My daughter was on the verge of tears. “Mom, can’t you take care of her? That’s your job!”
I was fighting back tears myself, I knew I was going to be losing a friend, one of my people, soon. “Baby, I wish I could. I can help fix a few things, but no one can make her better now. We can just make her feel better. We can try to take her pain away. I promise you that she isn’t scared, so there’s no reason for you to be afraid for her. Do you understand?”
“I just don’t want her to hurt. They’re going to fix her hurts, right?”
“Yes, baby, they’re going to fix her hurts. They’re going to let her get some sleep.”
The boy wanted to an excuse to go play on the computer. He’s eleven. I can’t fault him for wanting to find the nearest exit at this point.
SWR and I talked a bit longer, we shed a few more tears, but in the end I think she gets it. Well, she may not get it, but she’s okay with it. She’s okay with at the age of six, that which I could not grasp until I was 34. (In the interest of being completely honest, I was 34plus 3-ish months. As in… Not that long ago.)

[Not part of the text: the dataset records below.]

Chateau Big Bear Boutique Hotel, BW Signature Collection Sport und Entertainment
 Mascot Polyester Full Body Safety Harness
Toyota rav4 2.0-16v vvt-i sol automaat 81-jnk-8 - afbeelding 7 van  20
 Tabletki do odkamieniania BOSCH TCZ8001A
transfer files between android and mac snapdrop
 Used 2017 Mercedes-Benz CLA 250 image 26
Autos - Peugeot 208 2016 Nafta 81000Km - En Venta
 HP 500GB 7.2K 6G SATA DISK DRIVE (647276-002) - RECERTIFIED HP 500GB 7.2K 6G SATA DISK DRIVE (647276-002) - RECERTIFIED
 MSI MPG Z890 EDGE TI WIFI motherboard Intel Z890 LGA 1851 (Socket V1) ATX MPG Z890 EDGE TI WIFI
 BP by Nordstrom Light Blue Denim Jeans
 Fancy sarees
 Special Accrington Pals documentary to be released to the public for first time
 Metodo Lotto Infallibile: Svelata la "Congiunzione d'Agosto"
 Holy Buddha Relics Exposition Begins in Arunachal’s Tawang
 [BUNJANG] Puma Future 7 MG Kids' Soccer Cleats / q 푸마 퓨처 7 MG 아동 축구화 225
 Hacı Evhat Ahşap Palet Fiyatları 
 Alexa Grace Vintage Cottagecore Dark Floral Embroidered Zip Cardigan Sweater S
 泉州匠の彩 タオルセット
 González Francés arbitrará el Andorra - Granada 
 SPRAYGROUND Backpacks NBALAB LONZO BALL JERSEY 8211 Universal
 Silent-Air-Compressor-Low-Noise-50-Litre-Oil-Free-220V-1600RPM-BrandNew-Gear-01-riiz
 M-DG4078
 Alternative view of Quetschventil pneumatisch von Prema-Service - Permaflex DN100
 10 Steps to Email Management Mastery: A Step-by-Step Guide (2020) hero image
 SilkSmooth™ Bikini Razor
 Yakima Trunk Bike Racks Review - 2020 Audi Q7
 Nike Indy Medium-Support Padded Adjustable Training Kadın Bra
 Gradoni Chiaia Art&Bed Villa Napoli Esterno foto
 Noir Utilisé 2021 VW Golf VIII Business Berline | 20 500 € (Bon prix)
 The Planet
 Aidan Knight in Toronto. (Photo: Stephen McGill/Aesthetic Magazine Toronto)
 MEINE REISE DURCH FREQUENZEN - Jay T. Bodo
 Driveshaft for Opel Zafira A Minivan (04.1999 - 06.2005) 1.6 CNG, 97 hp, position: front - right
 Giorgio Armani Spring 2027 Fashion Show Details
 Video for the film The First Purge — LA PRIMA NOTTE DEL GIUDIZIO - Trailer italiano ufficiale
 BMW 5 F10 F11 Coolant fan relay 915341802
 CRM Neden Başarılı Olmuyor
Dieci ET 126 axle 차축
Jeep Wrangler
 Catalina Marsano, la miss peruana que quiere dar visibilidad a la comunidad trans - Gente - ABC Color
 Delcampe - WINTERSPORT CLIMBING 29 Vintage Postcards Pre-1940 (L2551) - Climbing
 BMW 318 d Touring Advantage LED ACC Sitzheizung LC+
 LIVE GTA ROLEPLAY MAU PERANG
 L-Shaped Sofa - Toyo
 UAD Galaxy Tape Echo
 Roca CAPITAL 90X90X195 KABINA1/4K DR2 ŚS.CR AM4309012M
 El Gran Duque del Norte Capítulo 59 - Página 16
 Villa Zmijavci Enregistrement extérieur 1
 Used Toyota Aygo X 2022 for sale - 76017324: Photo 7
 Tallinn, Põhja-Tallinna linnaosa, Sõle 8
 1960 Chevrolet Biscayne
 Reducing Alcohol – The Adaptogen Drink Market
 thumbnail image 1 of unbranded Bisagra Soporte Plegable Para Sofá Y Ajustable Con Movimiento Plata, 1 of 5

She’s dead… Gone. Passed on. It was a several days later when a neighbor came over to tell me. I knew it was coming, well, for a week and a few days, give or take, but it doesn’t make it sting anyless. I went to the showing. I talked to their kids. I met their grandchildren. I looked at pictures of them both, together, happy. Ted in is Army uniform, and Gigi looking as beautiful as ever. That picture had to be at least 50 years old.
And I smiled.
They’re together. At last. I can be happy with that.
But Christ almighty, do I hate cancer.